■ What you have to do:
Everything from the line that has "媒体人：北京男篮有奥莫特优先续约权，但目前他未在备选中" to the last line of the listing must be repeated exactly, and nothing more; omit the pictures.

■ Recorded data:
-- Opening Marker --
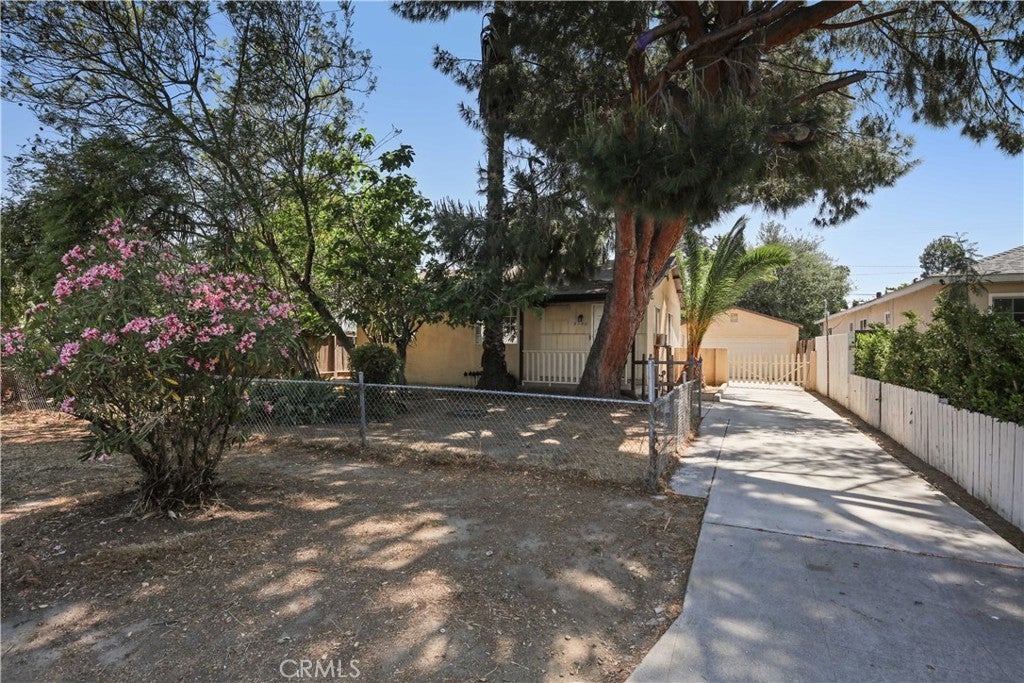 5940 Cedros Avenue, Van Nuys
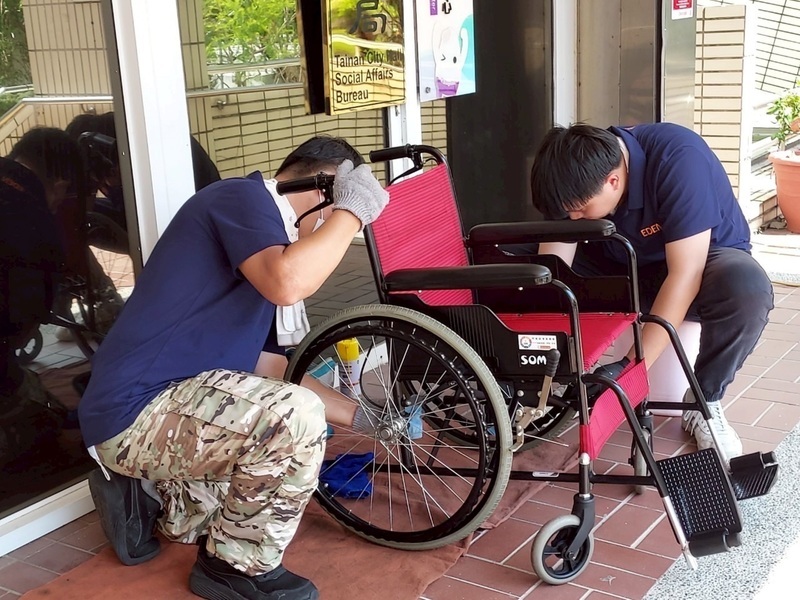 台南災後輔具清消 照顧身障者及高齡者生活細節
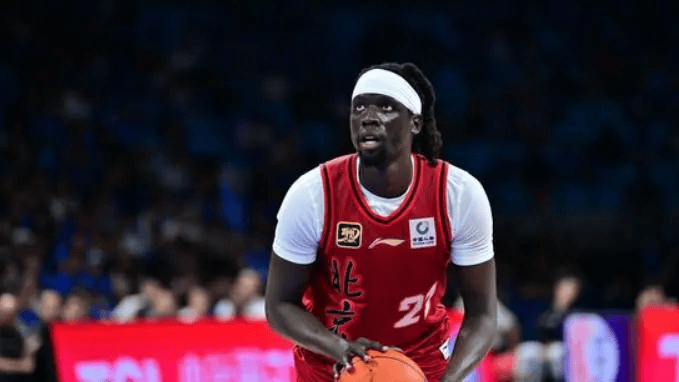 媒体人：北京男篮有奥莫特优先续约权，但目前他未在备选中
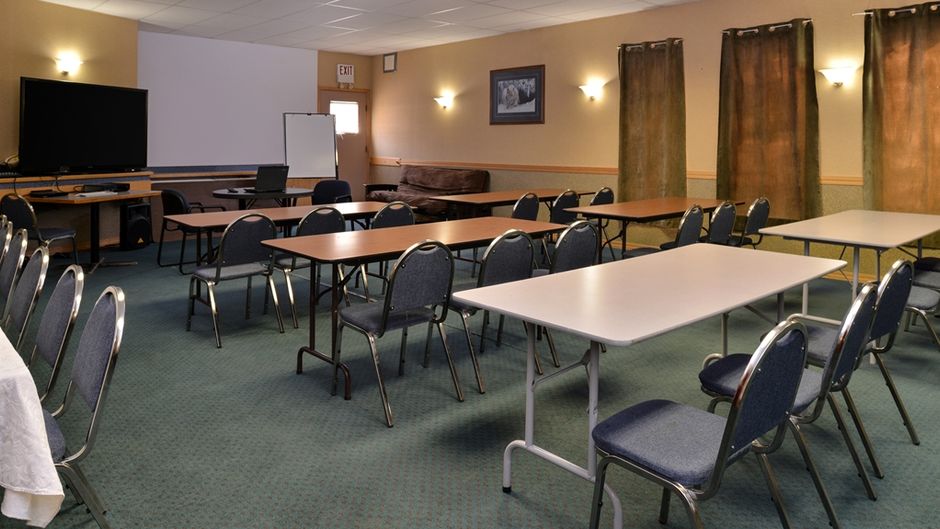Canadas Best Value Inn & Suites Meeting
-- Closing Marker --
■ Completed task:
 媒体人：北京男篮有奥莫特优先续约权，但目前他未在备选中
Canadas Best Value Inn & Suites Meeting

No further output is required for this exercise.